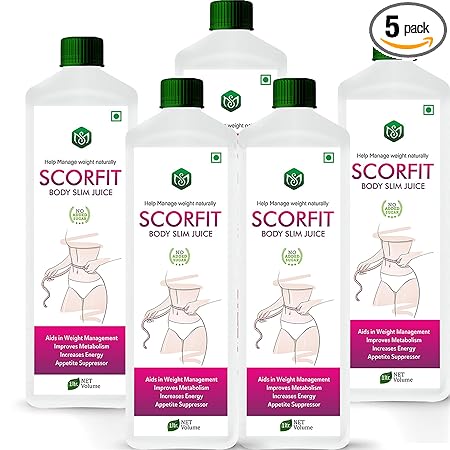 Scorlife Scorfit body slim Juice 1000ml. | Naturally Weight Management | Pack of 5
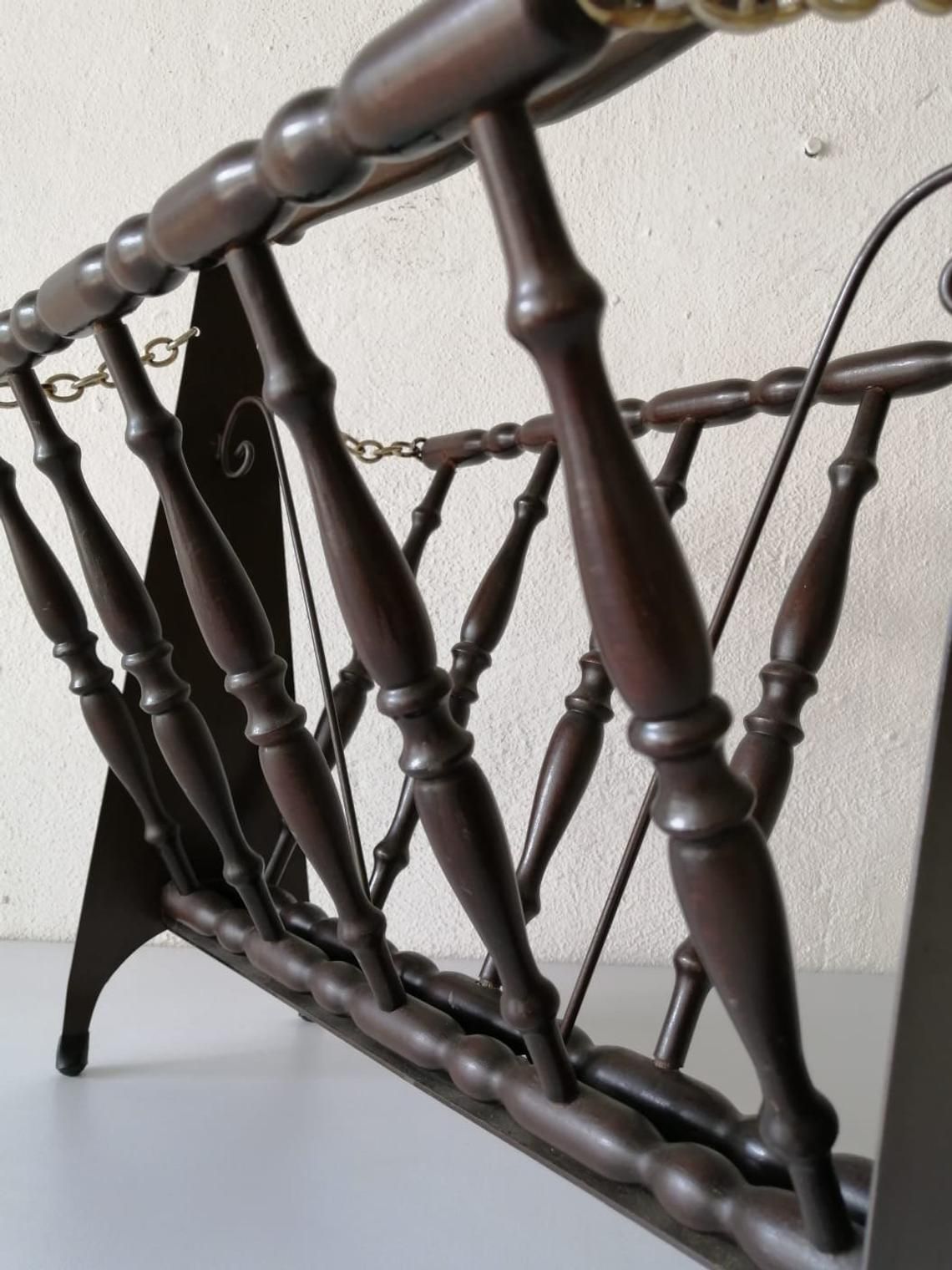 Italian Wood & Metal Body Folding Magazine Stand photo vintage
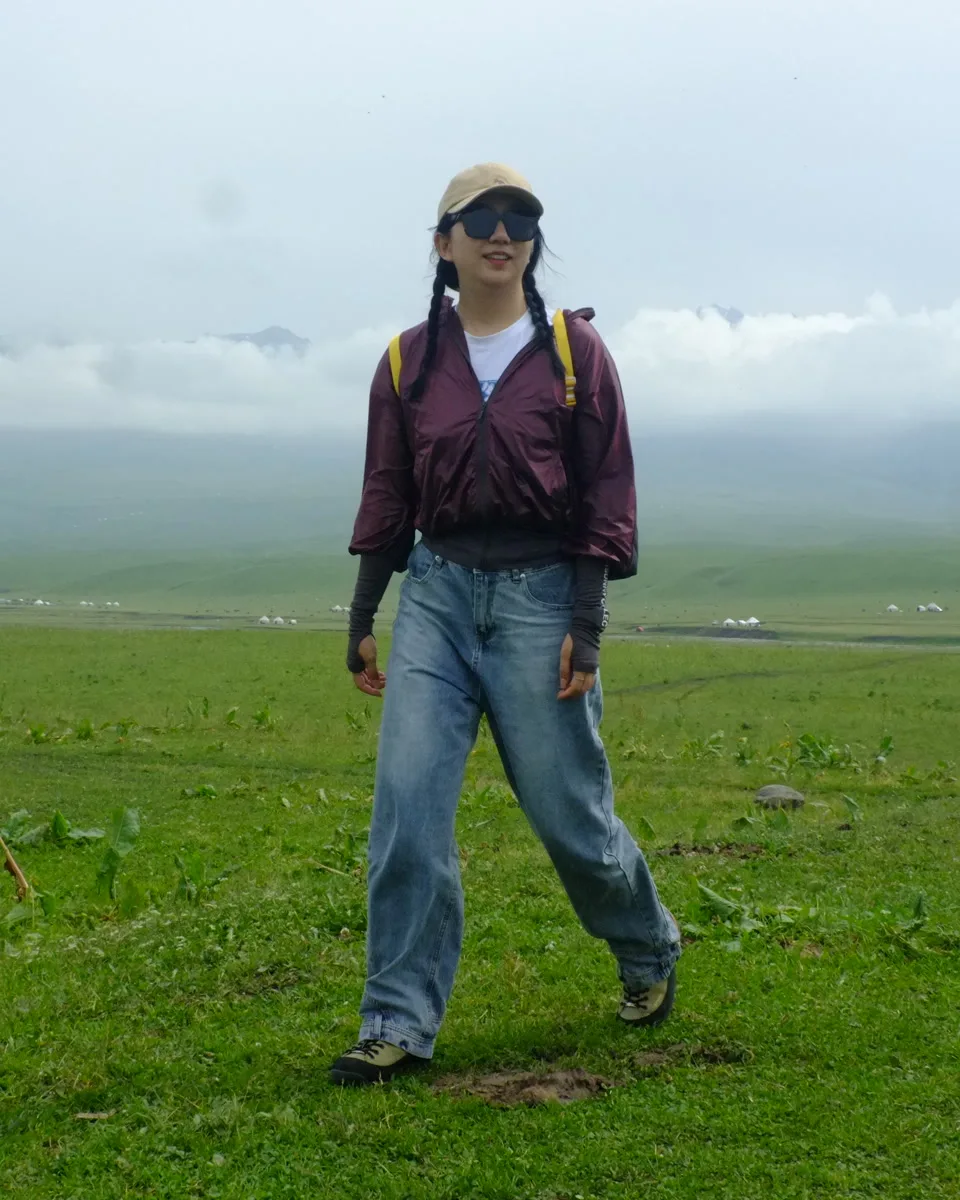Zoe, founder of Limina China, during route research in the Chinese grasslands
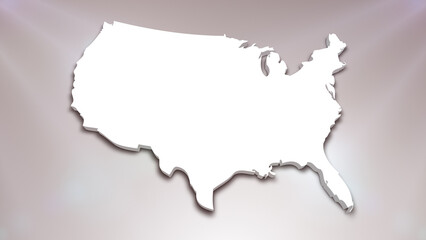 United States of America 3D Map on White Background, 
Useful for Politics, Elections, Travel, News and Sports Events
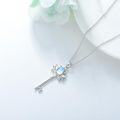 wholesale 925 Sterling Silver Lotus Flower Moonstone & Topaz Key Pendant Necklaces for Women Gifts-0-3
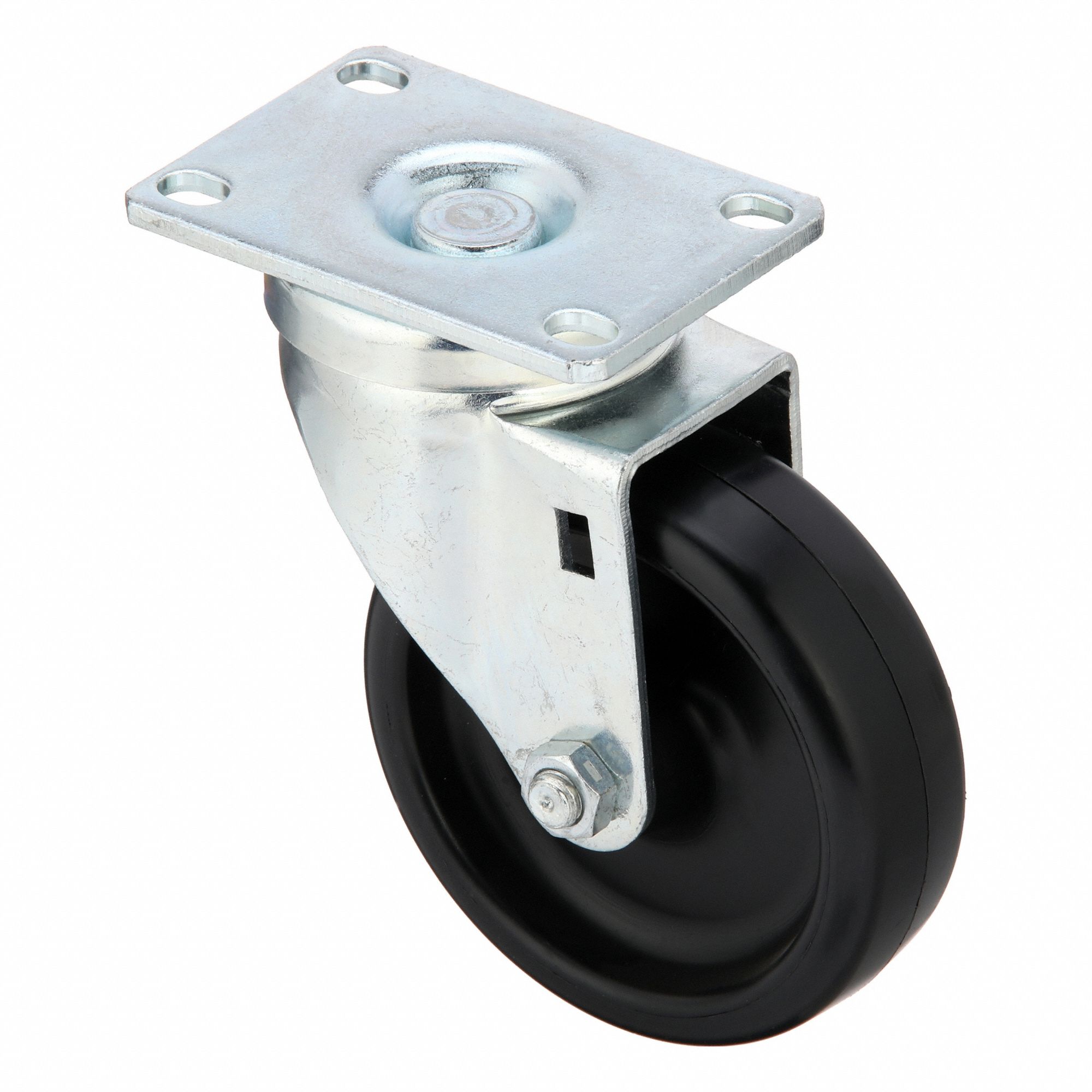Plate Caster: Swivel, No Brake, Polyolefin, 4 in Wheel Dia., 1 1/4 in Wheel Wd, Slot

* * * *

Drop the images and transcribe the entries above exactly.

 Scorlife Scorfit body slim Juice 1000ml. | Naturally Weight Management | Pack of 5
 Italian Wood & Metal Body Folding Magazine Stand photo vintage
Zoe, founder of Limina China, during route research in the Chinese grasslands
 United States of America 3D Map on White Background, 
Useful for Politics, Elections, Travel, News and Sports Events
 wholesale 925 Sterling Silver Lotus Flower Moonstone & Topaz Key Pendant Necklaces for Women Gifts-0-3
Plate Caster: Swivel, No Brake, Polyolefin, 4 in Wheel Dia., 1 1/4 in Wheel Wd, Slot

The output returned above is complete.